L’utopie d’un monde sans frontières a laissé place à une réalité faite de secrets obscurs, d’actes criminels et de capitalisme déjanté.






Je souhaite examiner ici le déploiement d’un ensemble de processus qui me semble profondément significatifs dans notre monde contemporain, à savoir le déploiement d’une série d’univers délocalisés interdépendants. Ces univers extraterritoriaux sont devenus primordiaux, modérant l’optimisme que de nombreux analystes avaient cru pouvoir nourrir pendant les années 1990. On a beaucoup parlé, dans les années 1990, d’un monde sans frontières.

Un livre célèbre de Kenichi Ohmae, intitulé The Borderless World, popularisa l’idée d’une libre circulation des individus, des investissements et industries ainsi que de l’émergence d’une économie constituée d’interdépendances. Selon lui, le recul des souverainetés nationales atteindrait les communautés locales, transformerait positivement l’amitié, les familles et tout particulièrement la vie économique, au cours des années 1990. Ce monde sans frontières devait faire éclore de nouvelles opportunités économiques, des amitiés internationales, etc. De nombreux auteurs spécialistes des mobilités ont repris ce thème et montré de diverses manières les aspects positifs de ce monde sans frontière, à la fois créatif et créateur de nouvelles opportunités et vies mobiles, etc. Mais pour toute une série de raisons, cet espoir de croissance illimitée fut d’assez courte durée.
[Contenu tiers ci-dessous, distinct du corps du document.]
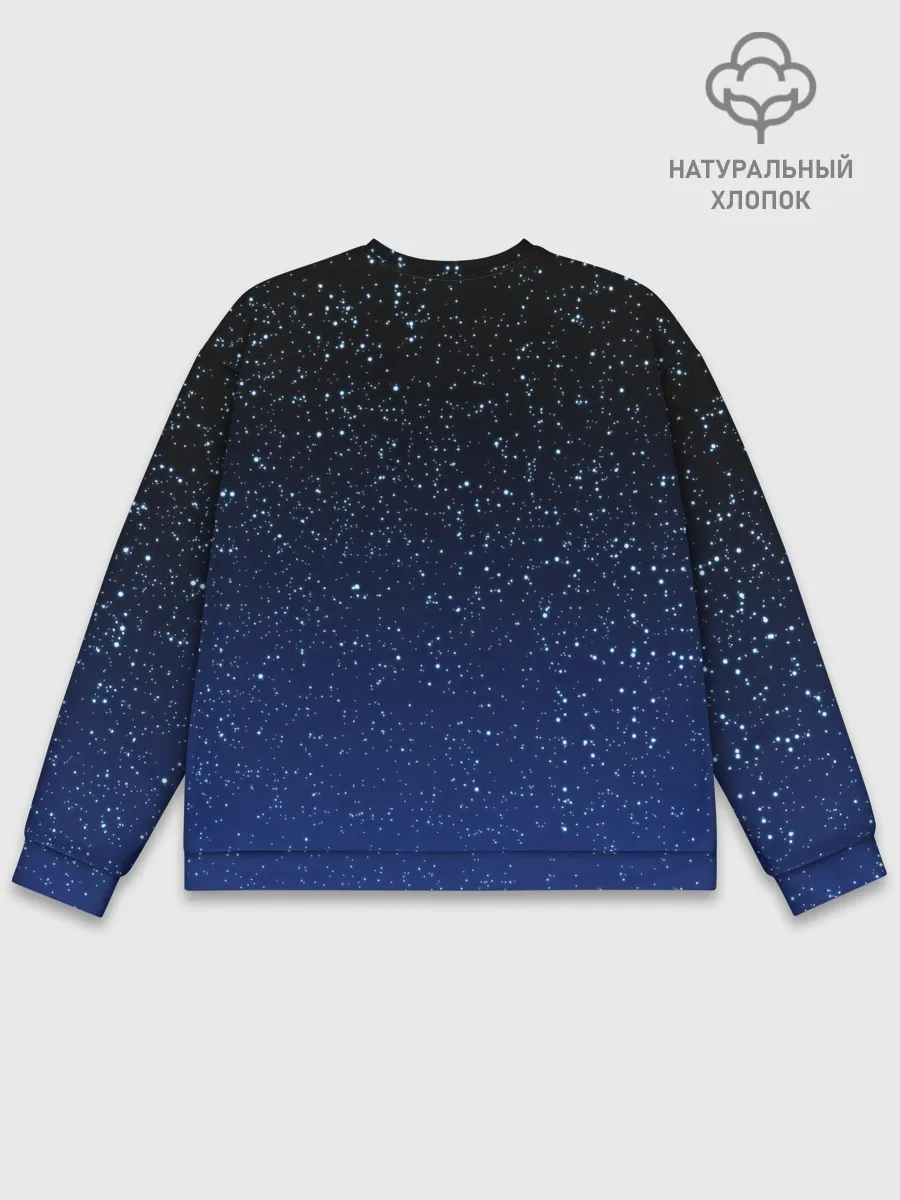 Мужской свитшот базовый / НОЧНОЕ НЕБО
Différents facteurs, à commencer par les attentats du 11 septembre contre le World Trade Center, ont amené le public à prendre conscience de ce que l’on pourrait nommer le « côté obscur » de la mondialisation. Nombreux sont ceux qui ont constaté que les échanges transfrontaliers ne favorisaient pas seulement la circulation des biens et des personnes, mais aussi de périls en tous genres : risques environnementaux, terrorisme, traite de femmes, trafic de drogue, criminels internationaux, travail externalisé, esclavagistes, contrebande, marées noires, évasion fiscale, demandeurs d’asile, etc.

L’essor de la délocalisation

On observe ce retournement dans de nombreux textes, parus dans les premières années de ce siècle, qui présentent, dépeignent et évaluent différents scénarios d’avenir pessimistes. "Effondrement" de Jared Diamond, best-seller international, montre quels mécanismes peuvent provoquer l’effondrement d’une société et comment, alors même qu’elle se trouve à l’apogée de sa puissance et de ses capacités de développement. L’une des manifestations de ce schéma d’évolution est l’essor du phénomène de délocalisation. Sa généralisation semble gagner la plupart des sociétés de la planète, réorganisant les rapports de force et de pouvoir mondiaux.

La délocalisation suppose des mouvements de ressources, de pratiques, de personnes et de capitaux d’un territoire à un autre, et ces transferts sont généralement invisibles aux yeux du public et des autorités.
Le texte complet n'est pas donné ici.